Forecasters and researchers have been lobbying for an upgraded replacement through an ambitious program known as the National Polar-orbiting Operational Environmental Satellite System, which was supposed to begin rolling out in 2009.

But NPOESS has suffered billions of dollars in cost overruns, the experts said. A downgraded program is expected to launch in 2013. A program to replace other satellites, known as GEOS-R, also is running into trouble.

Antonio Busalacchi, a scientist with the University of Maryland and head of a National Research Council panel looking into NPOESS, called NPOESS a "debacle" that compromised "critical" gathering of data about ocean surface winds and other factors.

Nelson agreed, saying NPOESS was "bogged down by budget constraints and delays for which someone needs to be held accountable."

He criticized the Bush administration for a "lack of interest or political will" to deal with climate issues.

Nelson said hurricane losses have averaged $36 billion per year during the past five years, but the federal government was spending less than $1 billion annually on satellite and other weather-data-gathering platforms.

Rep. Ron Klein, D-Fla., warned the panel this could "cause dire consequences to residents living in South Florida, and the over 50 percent of Americans who live within 50 miles of a coastline."

Authorities have other tools at their disposal, including weather buoys and hurricane hunter aircraft outfitted with sophisticated equipment. But, Klein added, those planes cannot reach distant areas now monitored by QuikSCAT.

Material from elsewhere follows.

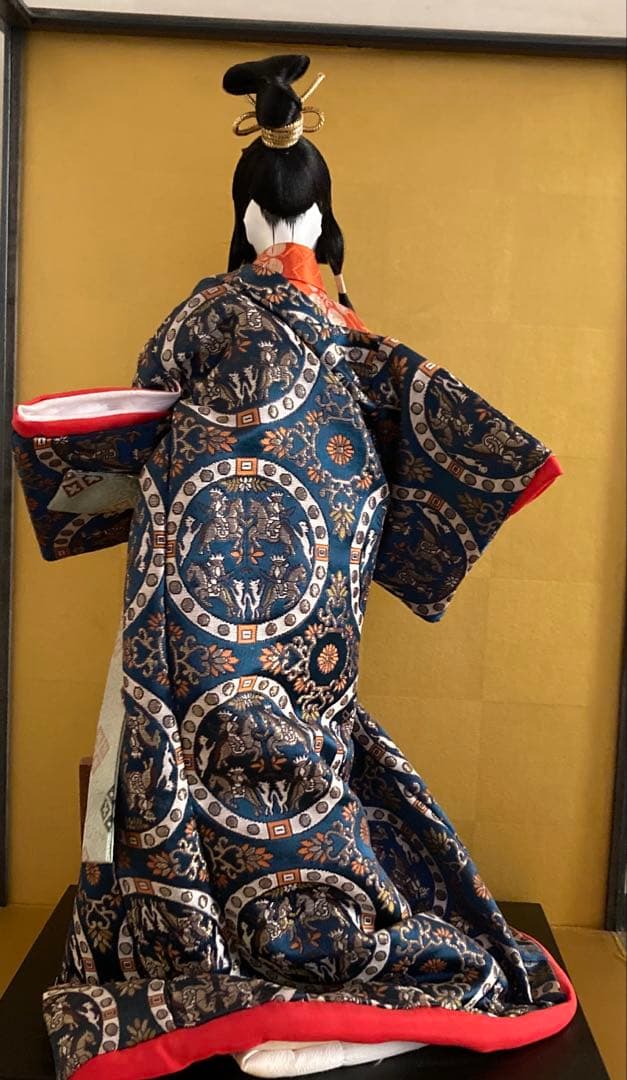 【土日限定値下げ】　ガラスケース付き　日本人形　　　古代風俗人形 インテリア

Proenza repeatedly made the same points after he took over the hurricane center in West Miami-Dade County in January, but critics - ultimately including most of his own forecasters - said he was magnifying the importance of QuikSCAT and undermining confidence in their forecasts.

On Monday, after an unprecedented public rebellion of his staff and months of clashes with superiors at the National Oceanic and Atmospheric Administration in Washington, Proenza was relieved of duty and placed on indefinite leave.

NPOESS, according to a report by the Government Accountability Office, was supposed to cost $6.5 billion over a 24-year life, with the first satellite launch planned for April 2009.

Last year, the program was revised because of technical delays and rising costs. Now, it is expected to cost $12.5 billion, with the first satellite launch planned in 2013.

In addition, the number of satellites has been cut from six to four. The system will carry seven sensors instead of 10 and gather 39 data records - 16 fewer than the original program. The GAO warned that more revisions could take place.

The ability to better understand the climate and improve forecasts could be diminished for "generations to come," Busalacchi said.

NPOESS was managed by several agencies, including the Department of Defense, NASA and NOAA. The result, said Nelson, was "a hydra-headed monster here who can't decide which way it wants to go."

Mary Ellen Kicza, NOAA's assistant administrator for satellite and information services, said interagency coordination was improving. NASA now is in charge of developing instruments, spacecraft and launch systems, while NOAA would operate the satellites.

She said the program had to be downgraded to ensure "continuity" of data gathering, and NOAA and NASA were looking at ways to mitigate the impact of the cutbacks.